Where I part company with others is that I believe a good and fair tax system is also a low tax system. I see tax as a necessary evil, not a good in and of itself; all extra cash raised by shutting loopholes (and hence hiking the bill for some) should be allocated to across the board tax cuts, making the changes overall revenue neutral.
The idea that there is a David and Goliath struggle between HMRC and multinationals is misleading. Firms have better lawyers. But MPs have drastic powers of coercion when they can be bothered to exercise them. They can jail or seize the property of those that don’t follow their diktats. Firms can only game the rules as long as they are allowed to do so.
The only reason Amazon or Google legally pay less in corporation tax than some would like is faults in the tax system set up by governments. Most of the loopholes are actually deliberate. They allow companies such as Amazon to put sales through a subsidiary based in a lower tax jurisdiction – very much a purposeful feature of the way the European Union works – or Starbucks to make large royalty payments to a similar subsidiary based overseas, helping to eliminate UK taxable profits. None of this is new. It has all been codified for many years in the tax system and accepted by HMRC.
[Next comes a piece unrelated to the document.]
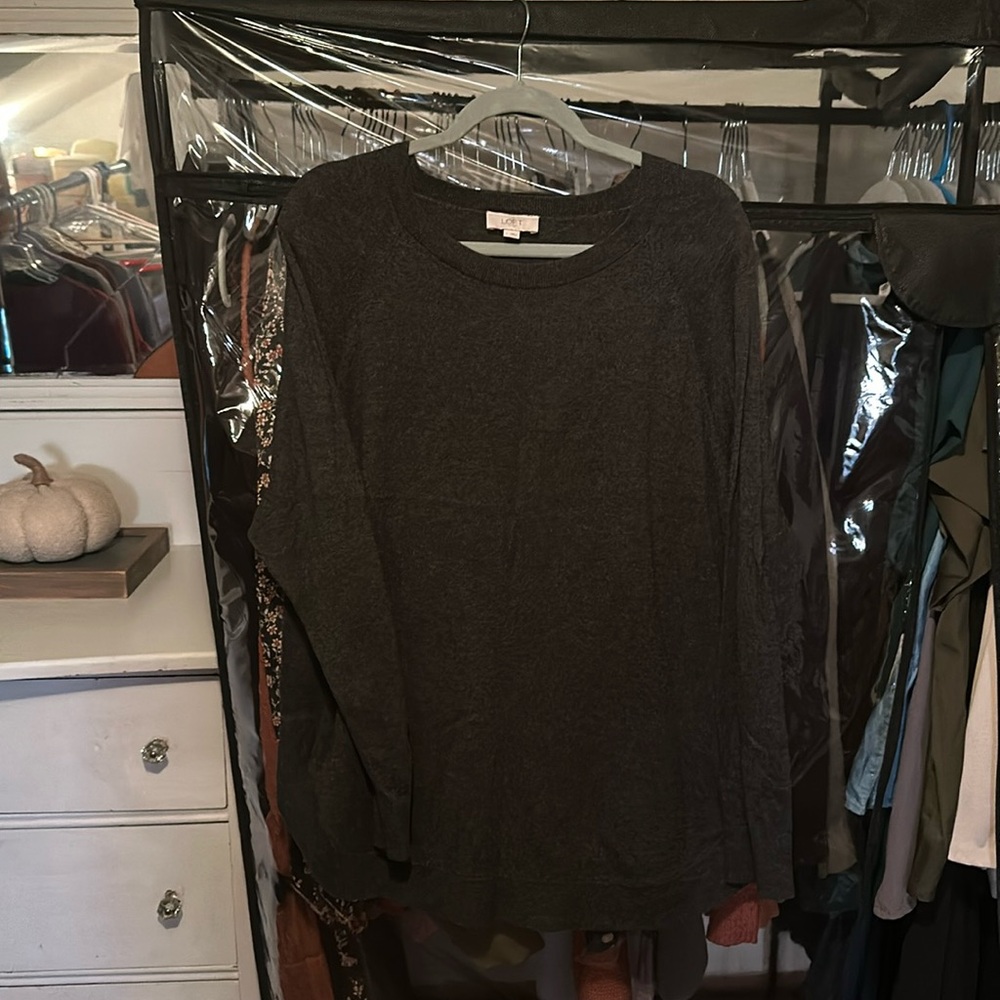 Loft long sleeve sweater, dark gray, L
Yet some MPs have only just noticed – even though those in office for long enough probably voted for the legislation or EU treaties that allowed this nonsense. Yet instead of trying to convince George Osborne to change the rules, they are pretending to be powerless and blaming companies that are duty bound to legally seek to maximise post-tax profits for their shareholders. The government, needless to say, is joining in the nonsense.
We live in an increasingly irresponsible society where nobody wants to accept that the buck stops with them. The shameless refusal by some politicians to acknowledge that they are in charge of our rules is sickening.
This is an excellent time to tear up a faulty tax system and replace it by something much better. I would scrap our useless corporation tax and replace it instead by a tax on all net distributions to investors (including the HQs of multinationals) when they leave the UK corporate system, including dividend and interest payments and share buy-backs. There are other possible reforms, of course, and now is the time to hear them.
My big worry is that not only will we blow the opportunity to change for the better – but actually end up with something worse. Starbucks is offering to pay more tax voluntarily as a PR exercise, part of its marketing budget. Down that road lies an arbitrary, unpredictable and illiberal way of raising revenues, with media savvy firms and individuals paying little while the small guy, the powerless or those who fall foul of “public opinion” are forced to hand over more. It smacks of a return to medieval, pre-democratic, unscrutinised tax collection: anybody the ruler didn’t like saw his or her assets seized, while those that curried favour were rewarded.
We need a compulsory but pro-growth tax system. Mr Osborne, over to you – and no more excuses, moralising or demagogic rabble-rousing from politicians, please.